Description of the task. Within the records below, how many lines hold the word "Cream"? Only the number should be returned.

─── Records provided

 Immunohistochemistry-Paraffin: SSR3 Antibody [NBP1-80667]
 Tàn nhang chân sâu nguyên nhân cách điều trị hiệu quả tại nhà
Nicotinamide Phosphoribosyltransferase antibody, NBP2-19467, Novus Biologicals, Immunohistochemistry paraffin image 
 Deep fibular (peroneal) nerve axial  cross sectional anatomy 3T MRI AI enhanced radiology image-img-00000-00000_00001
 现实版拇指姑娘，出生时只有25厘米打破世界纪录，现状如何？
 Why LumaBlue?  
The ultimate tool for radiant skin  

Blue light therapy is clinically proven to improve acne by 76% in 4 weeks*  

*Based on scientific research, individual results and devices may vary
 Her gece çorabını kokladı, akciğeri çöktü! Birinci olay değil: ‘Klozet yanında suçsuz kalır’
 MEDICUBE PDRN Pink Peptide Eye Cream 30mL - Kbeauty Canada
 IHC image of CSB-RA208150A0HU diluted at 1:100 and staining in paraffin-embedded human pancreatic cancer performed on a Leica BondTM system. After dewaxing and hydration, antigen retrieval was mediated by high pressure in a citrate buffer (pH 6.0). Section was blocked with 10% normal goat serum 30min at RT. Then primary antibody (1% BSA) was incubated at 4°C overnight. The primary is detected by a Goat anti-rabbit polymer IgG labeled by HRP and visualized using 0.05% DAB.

──────
─── Records provided

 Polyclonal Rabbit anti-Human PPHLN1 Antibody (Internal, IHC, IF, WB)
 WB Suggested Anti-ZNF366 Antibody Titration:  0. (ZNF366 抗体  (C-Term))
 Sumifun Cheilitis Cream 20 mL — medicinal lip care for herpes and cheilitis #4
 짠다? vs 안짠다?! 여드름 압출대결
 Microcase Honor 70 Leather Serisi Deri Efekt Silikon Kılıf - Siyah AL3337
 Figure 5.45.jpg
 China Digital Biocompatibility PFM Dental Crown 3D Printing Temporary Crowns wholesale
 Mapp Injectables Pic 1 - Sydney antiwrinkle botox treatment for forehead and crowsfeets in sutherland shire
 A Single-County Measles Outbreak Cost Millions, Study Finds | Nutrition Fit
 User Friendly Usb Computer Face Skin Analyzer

──────

Output. 2